White bread for young minds
From The Times
January 14, 2008
Google is “white bread for the mind”, and the internet is producing a generation of students who survive on a diet of unreliable information, a professor of media studies will claim this week.
She believes that
easy access to information has dulled students’ sense of curiosity and is stifling debate. She claims that many undergraduates arrive at university unable to discriminate between anecdotal and unsubstantiated material posted on the internet.
“Google offers easy answers to difficult questions. But students do not know how to tell if they come from serious, refereed work or are merely composed of shallow ideas, superficial surfing and fleeting commitments.
“Google is filling, but it does not necessarily offer nutritional content,” she said.
“Students live in an age of information, but what they lack is correct information. They turn to Wikipedia unquestioningly for information. Why wouldn’t they - it’s there,” she said.

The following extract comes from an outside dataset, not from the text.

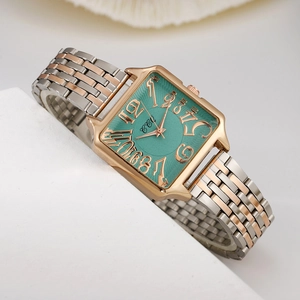 Detail of square green dial watch with two-tone rose gold and silver metal link strap
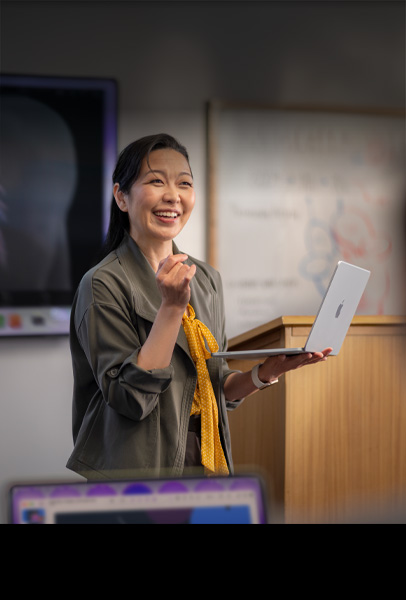 Una profesora hace una presentación a sus estudiantes en un salón mientras sostiene un Macbook color plata, se muestra el rendimiento y la larga duración de la batería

With libraries in decline, diminishing stocks of books and fewer librarians, media platforms such as Google made perfect sense. The trick was to learn how to use them properly.
There have been concerns about students plagiarising from the internet and the growth of a new online “coursework industry”, in which web-sites produce tailor-made essays, some selling for up to £1,000 each.
Wikipedia, containing millions of articles contributed by users was founded in 2001. It has been criticised for being riddled with inaccuracies and nonsense. Even one of its own founders, Larry Sanger, described it as “broken beyond repair” before leaving the site last year.